SUPPLIED MATERIAL:
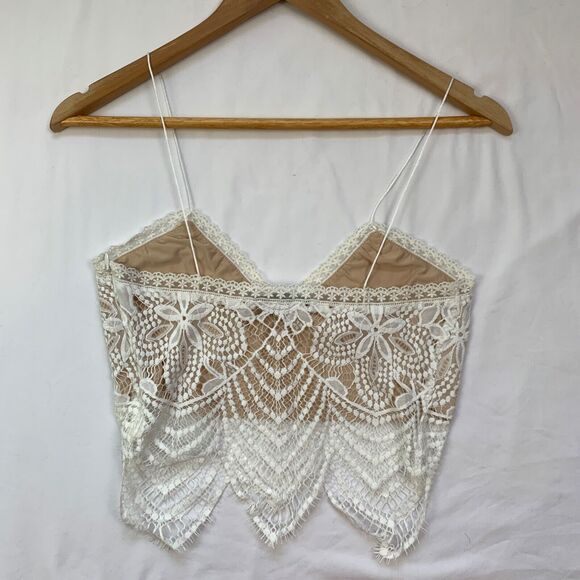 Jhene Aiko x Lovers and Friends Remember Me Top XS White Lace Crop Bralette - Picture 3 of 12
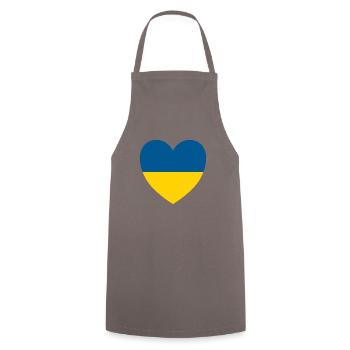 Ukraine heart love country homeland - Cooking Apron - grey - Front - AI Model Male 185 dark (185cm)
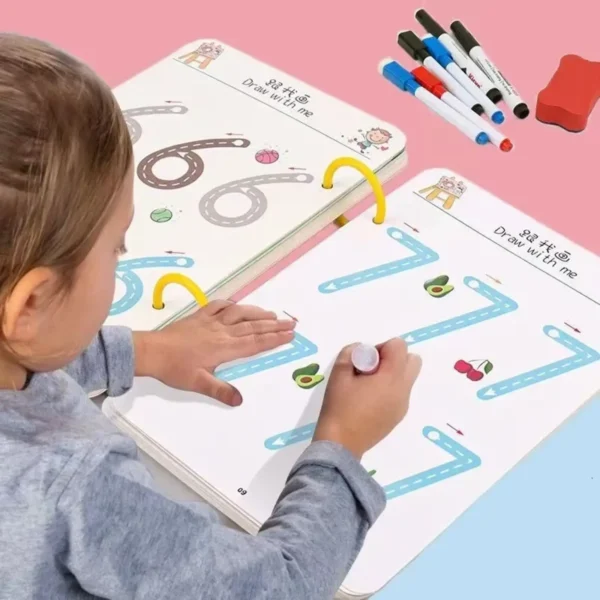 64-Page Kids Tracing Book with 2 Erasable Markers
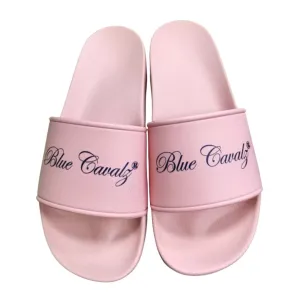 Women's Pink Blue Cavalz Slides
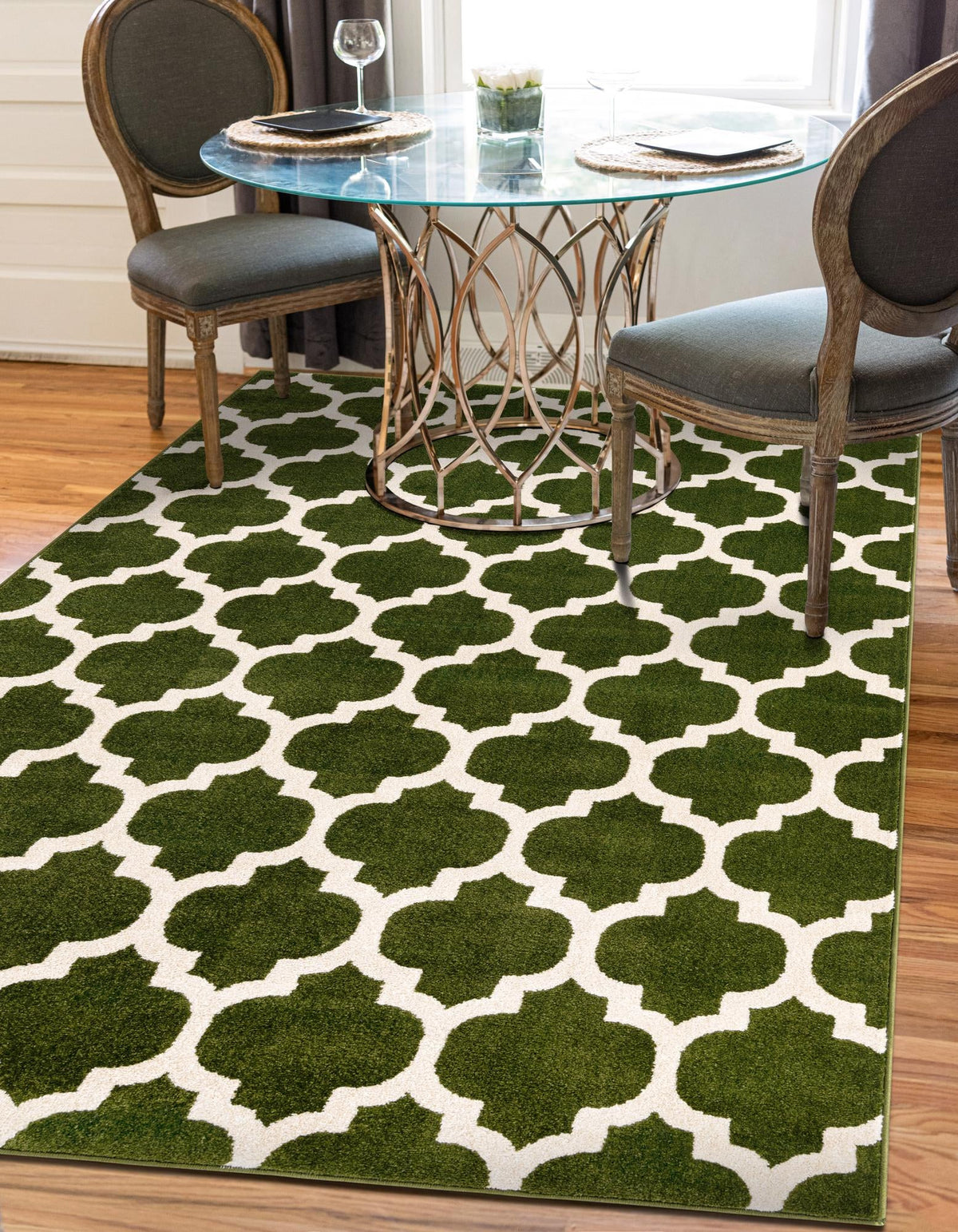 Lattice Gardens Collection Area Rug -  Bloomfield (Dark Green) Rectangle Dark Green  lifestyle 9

PROBLEM TO SOLVE:
Pictures must be left out. Return verbatim only the lines from the line with "Ukraine heart love" through the final line of the material above, including both ends.

SOLUTION TO THIS PROBLEM:
 Ukraine heart love country homeland - Cooking Apron - grey - Front - AI Model Male 185 dark (185cm)
 64-Page Kids Tracing Book with 2 Erasable Markers
 Women's Pink Blue Cavalz Slides
 Lattice Gardens Collection Area Rug -  Bloomfield (Dark Green) Rectangle Dark Green  lifestyle 9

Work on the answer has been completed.